Cannes 2008 diary: ’Lion‘s Den‘ and 'Three Monkeys'
Pablo Trapero's 'Lion's Den'
Only a couple of days into this year’s Cannes, it looks as if imprisonment might turn out to be one of the themes or metaphors running through the festival. Following hot on the heels of two of the opening films (‘Blindness’ and ‘Hunger’, already reviewed by Dave Calhoun) comes ‘Lion’s Den’, by Pablo Trapero, the Argentinian writer-director of such low-key gems as ‘Crane World’, ‘Familia Rodante’ and ‘Born and Bred’. It starts with Julia (Martina Gusman), a young librarian, waking up bruised and bloodied and going off to work in something of a daze; only after she returns home do we (and she) realise that there are two naked men in her flat, one seriously wounded, the other dead. She’s soon in a prison for pregnant women, awaiting trial for murder; but the legal system works slowly, and long before she gets to court, she gives birth to the baby she never wanted…

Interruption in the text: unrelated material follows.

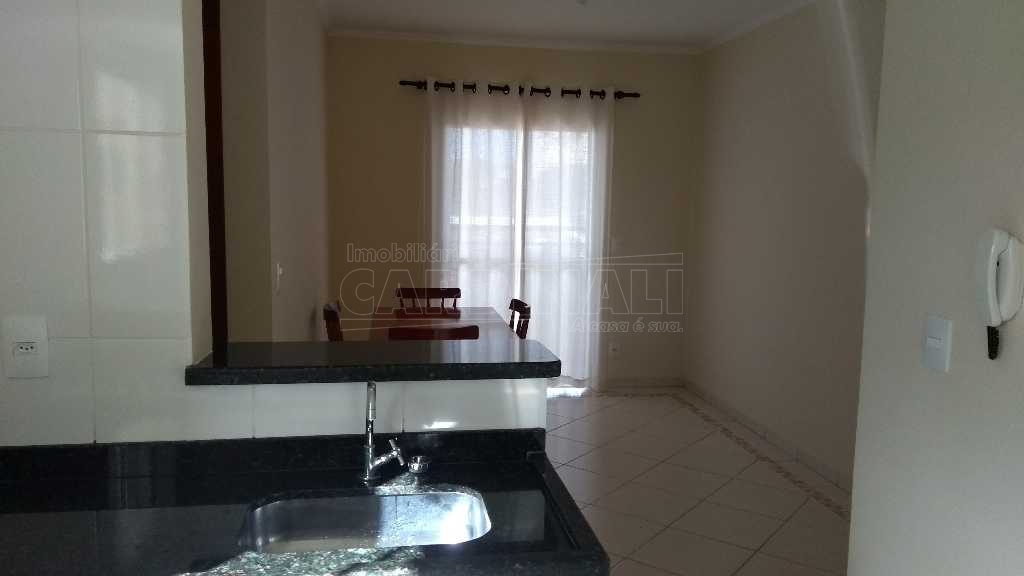 Alugar Apartamento / Padrão em São Carlos. apenas R$ 950,00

It’s a fairly simply story, though Trapero makes the most of it by only revealing salient facts at sporadic intervals and by focusing so closely on character: not just the superbly played Julia, but also her mother Sofia and Marta, a fellow inmate who helps the novice adjust to prison life, As the film slowly zooms in not so much on what exactly happened in Julia’s apartment but on how she’ll respond to the child and its future, Trapero teases out the various social, psychological and ethical strands of a morally complex situation with commendable clarity; and as in his ‘Familia Rodante’, what can sometimes seem a fairly straightforward film of no particular originality or consequence is transformed by an ending that is at once pleasingly ambiguous and almost unexpectedly affecting. This man certainly knows how to finish off his movies.

On the surface, the best film here so far for me – Nuri Bilge Ceylan’s Three Monkeys – is only very superficially about incarceration, in that the story is quickly kick-started when a local politician facing elections persuades his driver to take the rap for him after the former knocks over a man with his car; in return he’ll pay his employee’s salary to his teenage son, and hand over a large lump sum when he emerges from prison after six months or so.

But if we actually see only a couple of prison-set scenes, when the son visits his father, that doesn’t mean that imprisonment isn’t a central, almost Dostoievskian metaphor for what happens to the driver, his wife and son, and the the politician. For that lie told to the cops is merely the first – and indeed the fount – of many more deceits that shape the increasingly twisted and dangerous interactions between the four protagonists, all of whom soon find themselves trapped like rats by their own fears, desires, doubts and suspicions.

This fifth feature is arguably the most ambitious film yet from the maker of ‘Uzak’ and ‘Climates’. It has the dry humour, assured pacing, astute psychological insights and sharp sense of moral and dramatic irony that has been conspicuous in all his work, but in many respects the film feels like an expansion upon ‘Climates’, not only in extending that film’s clear-eyed, unsentimental assessment of male-female relationships from a couple to a whole family and its acquaintances, but in exploring the rich potential afforded by digital technology; if you thought Ceylan’s photographer’s eye produced stunning images in ‘Climates’, ‘Three Monkeys’ pushes the envelope still further. It’s been bought for the UK, so when it turns up, see it – and marvel!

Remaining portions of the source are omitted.